Friday, 28 March 2014 22:33 GMT

* Any views expressed in this opinion piece are those of the author and not of Thomson Reuters Foundation.

Ensuring rural women get access to land isn't just about ownership. A wider approach is required to empower them.

Any views expressed in this article are those of the author and not of Thomson Reuters Foundation.

Land is all about power – social and economic power that women too often don’t have. In rural areas of the developing world, women struggle to get access to farmland, find themselves forced off of land they own or don’t get a fair share of earnings from crops that they worked hard to grow.

But ensuring rural women get access to land isn’t just about ownership. In many cases, governments and NGOs have tried to empower women by getting title deeds into their hands. This isn’t enough and can even worsen gender inequality, experts said at the World Bank’s Land and Poverty Conference this week.

Even when laws guarantee land rights to women, they don’t always get them in practice.  In  Mozambique, Uganda and Liberia, for example,widows sometimes are pushed off of their plots by their husband’s families and unmarried sisters lose their parcels to their brothers. Deed or no deed, it’s acceptable for men to use women’s land as they please.

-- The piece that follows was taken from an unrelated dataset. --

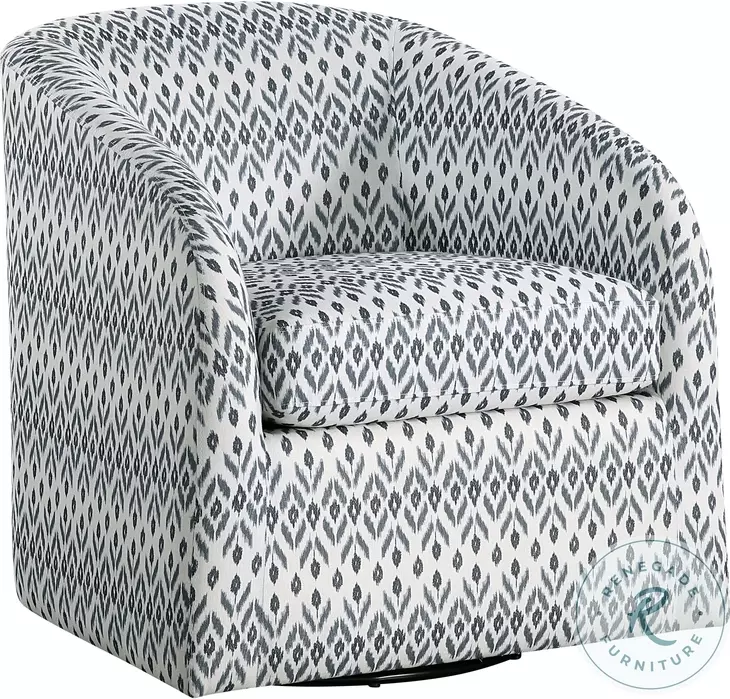 Augustine Swivel Chair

“It’s not by providing titles or working only with women that these issues can be overcome. That’s why it takes a village to protect a woman’s land,” said Marianna Bicchieri, chief technical advisor on land and gender at the Food and Agricultural Organisation.

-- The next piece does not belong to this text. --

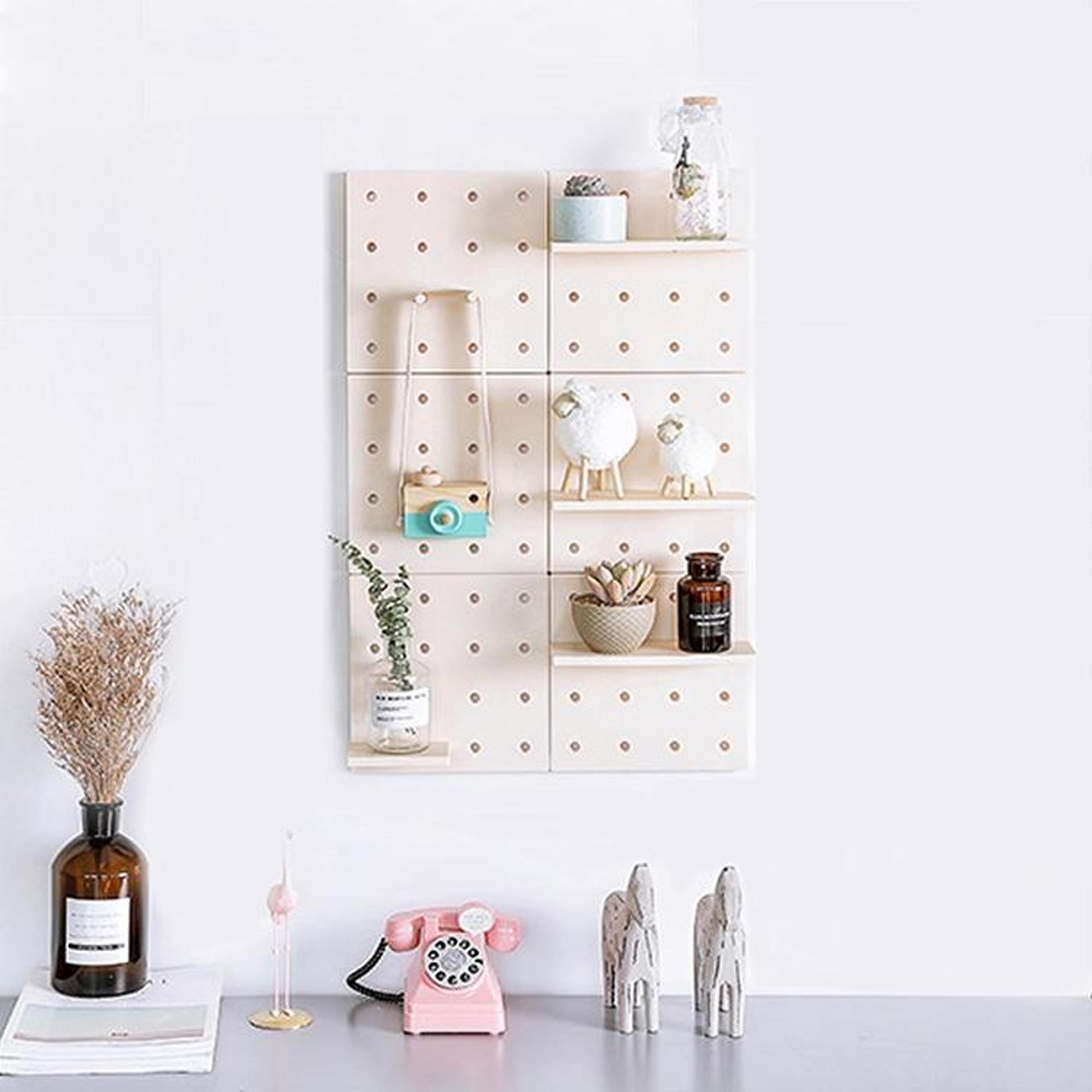 WallMounted Storage Shelf For Bathroom  Kitchen 7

“It’s important to create a 360-degree safety net” that involves everyone in the community until there is a critical mass that changes how a village thinks about women’s land rights, Bicchieri said. It’s also very difficult to discuss gender issues in rural communities, even with women, because they don’t realise there is a problem and may be insulted by outsiders who say that there is one, she added.  

Working with the government and local organisations in Mozambique, the Food and Agricultural Organisation develops programmes that involve the whole community and educate both sexes about gender inequality. For example, they train villagers from around the country as legal assistants and teach them about laws related to land rights and gender inequality. When these paralegals return to their homes, they educate people about women’s rights and help local leaders make fairer decisions in disputes over women’s land claims. In one success story, a village decided to abolish traditional rules that allowed land to be taken from widows.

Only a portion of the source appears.